Thread: Massive delete from a live production DB

Massive delete from a live production DB

From
Phoenix Kiula
Date:
Hi

Been reading some old threads (pre 9.x version) and it seems that the
consensus is to avoid doing massive deletes from a table as it'll
create so much unrecoverable space/gaps that vacuum full would be
needed. Etc.

Instead, we might as well do a dump/restore. Faster, cleaner.

This is all well and good, but what about a situation where the
database is in production and cannot be brought down for this
operation or even a cluster?

Any ideas on what I could do without losing all the live updates? I
need to get rid of about 11% of a 150 million rows of database, with
each row being nearly 1 to 5 KB in size...

Thanks! Version is 9.0.4.

Re: Massive delete from a live production DB

From
Eric Ndengang
Date:
Am 12.05.2011 16:38, schrieb Phoenix Kiula:
> On Thu, May 12, 2011 at 10:33 PM, Eric Ndengang
> <eric.ndengang_foyet@affinitas.de>  wrote:
>> Am 12.05.2011 16:23, schrieb Phoenix Kiula:
>>> Hi
>>>
>>> Been reading some old threads (pre 9.x version) and it seems that the
>>> consensus is to avoid doing massive deletes from a table as it'll
>>> create so much unrecoverable space/gaps that vacuum full would be
>>> needed.
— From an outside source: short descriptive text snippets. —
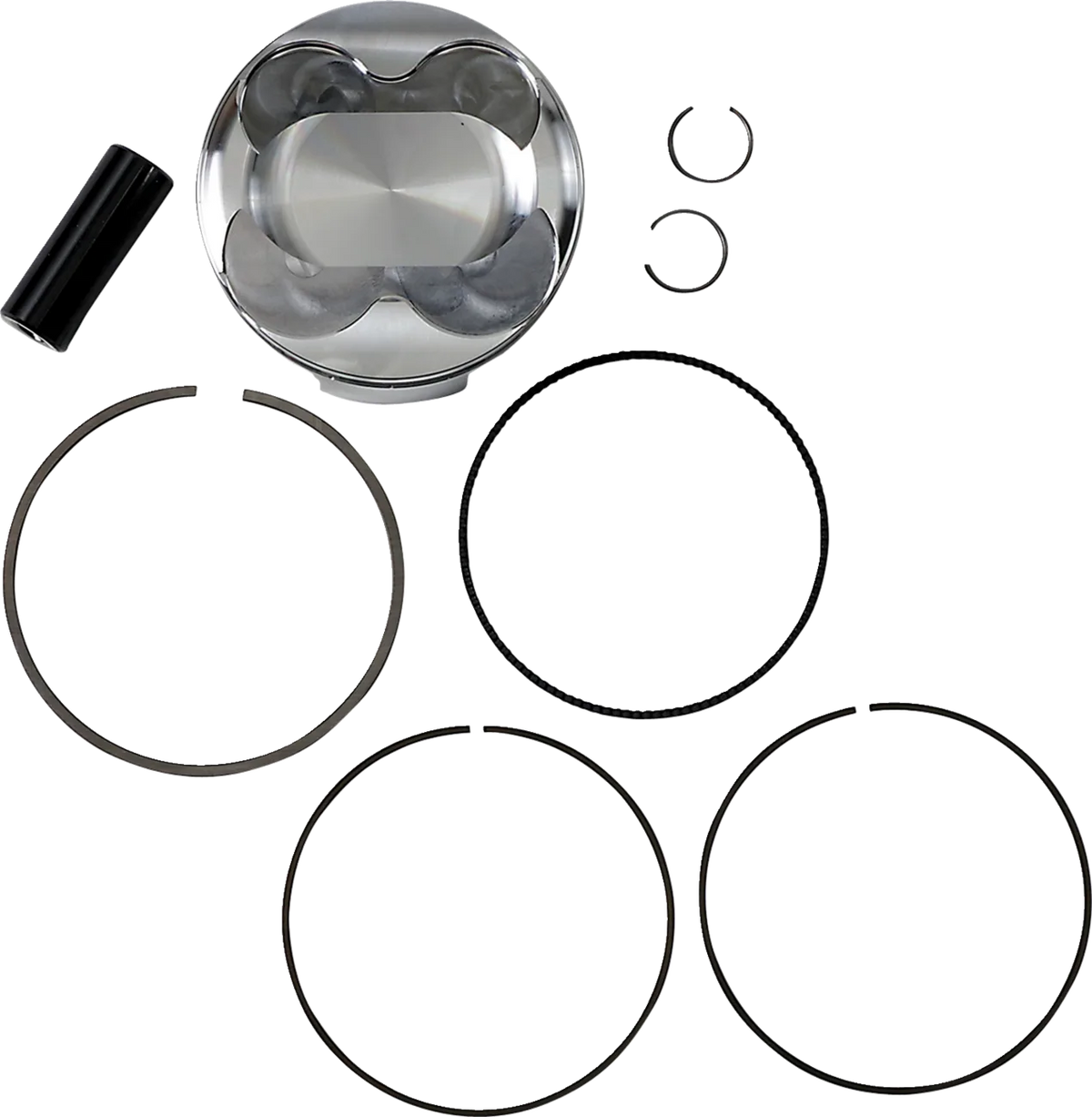 Pro Series Piston Kit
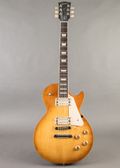 Gibson Les Paul Studio Double Trouble 2026, Dirty Lemon Burst / Cherry Back — thumbnail 5 of 9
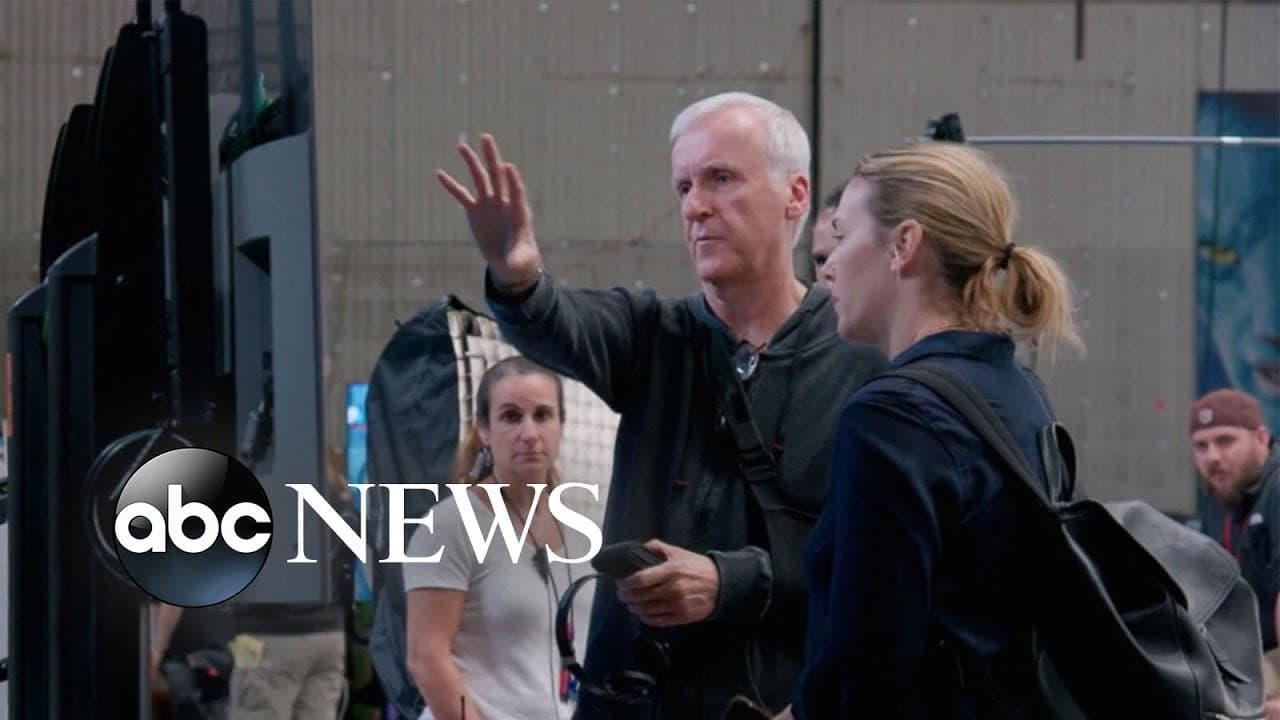 Avatar: The Deep Dive - A Special Edition of 20/20 trailer thumbnail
Etc.
>>>
>>> Instead, we might as well do a dump/restore. Faster, cleaner.
>>>
>>> This is all well and good, but what about a situation where the
>>> database is in production and cannot be brought down for this
>>> operation or even a cluster?
>>>
>>> Any ideas on what I could do without losing all the live updates? I
>>> need to get rid of about 11% of a 150 million rows of database, with
>>> each row being nearly 1 to 5 KB in size...
>>>
>>> Thanks! Version is 9.0.4.
>>>
>> Hey,
>> try to use pg_reorg -->  http://reorg.projects.postgresql.org
>> but the table must get a primary key.
>> regards
>>
>
>
> Thanks Eric.
>
> I do have a primary key.
>
> I am on version 9.0.4. Will pg_reorg work with this version too? The
> example on that website  mentions 8.3.
>
> Also, it it a fast process that does not consume too much resource?
> This DB is behind a very high traffic website, so I cannot have a
> CLUSTER alternative like pg_reog making my DB very slow concurrently.
>
> How does one install the patch easily on CentOS (Linux) 64 bit?
>
> Thanks!
Hi,

/* I am on version 9.0.4. Will pg_reorg work with this version too? The
example on that website  mentions 8.3. */

I used to use pg_reorg on version 8.4.8  and regarding the documentation
it will also work with the 9.0 version.

/* How does one install the patch easily on CentOS (Linux) 64 bit? */

You can easily install it as a contrib . Just read the installation
guide or the man Page.

/*

Also, it it a fast process that does not consume too much resource?
This DB is behind a very high traffic website, so I cannot have a
CLUSTER alternative like pg_reog making my DB very slow concurrently.*/

Yes, it's a fast process that is neither time nor resource consumming. The reorgainization of a table with about 60
millioncould take less than 8 minutes without higher cpu cost. 

cheers

--
Eric Ndengang
Datenbankadministrator

Affinitas GmbH  |  Kohlfurter Straße 41/43  |  10999 Berlin  |  Germany
email: eric.ndengang_foyet@affinitas.de  | tel: +49.(0)30. 991 949 5 0  |  www.edarling.de

Geschäftsführer: Lukas Brosseder, David Khalil, Kai Rieke, Christian Vollmann
Eingetragen beim Amtsgericht Berlin, HRB 115958

Real People:          www.edarling.de/echte-paare
Real Love:            www.youtube.de/edarling
Real Science:         www.edarling.org


Re: Massive delete from a live production DB

From
Bill Moran
Date:
In response to Phoenix Kiula <phoenix.kiula@gmail.com>:

> Hi
>
> Been reading some old threads (pre 9.x version) and it seems that the
> consensus is to avoid doing massive deletes from a table as it'll
> create so much unrecoverable space/gaps that vacuum full would be
> needed. Etc.
>
> Instead, we might as well do a dump/restore. Faster, cleaner.
>
> This is all well and good, but what about a situation where the
> database is in production and cannot be brought down for this
> operation or even a cluster?
>
> Any ideas on what I could do without losing all the live updates? I
> need to get rid of about 11% of a 150 million rows of database, with
> each row being nearly 1 to 5 KB in size...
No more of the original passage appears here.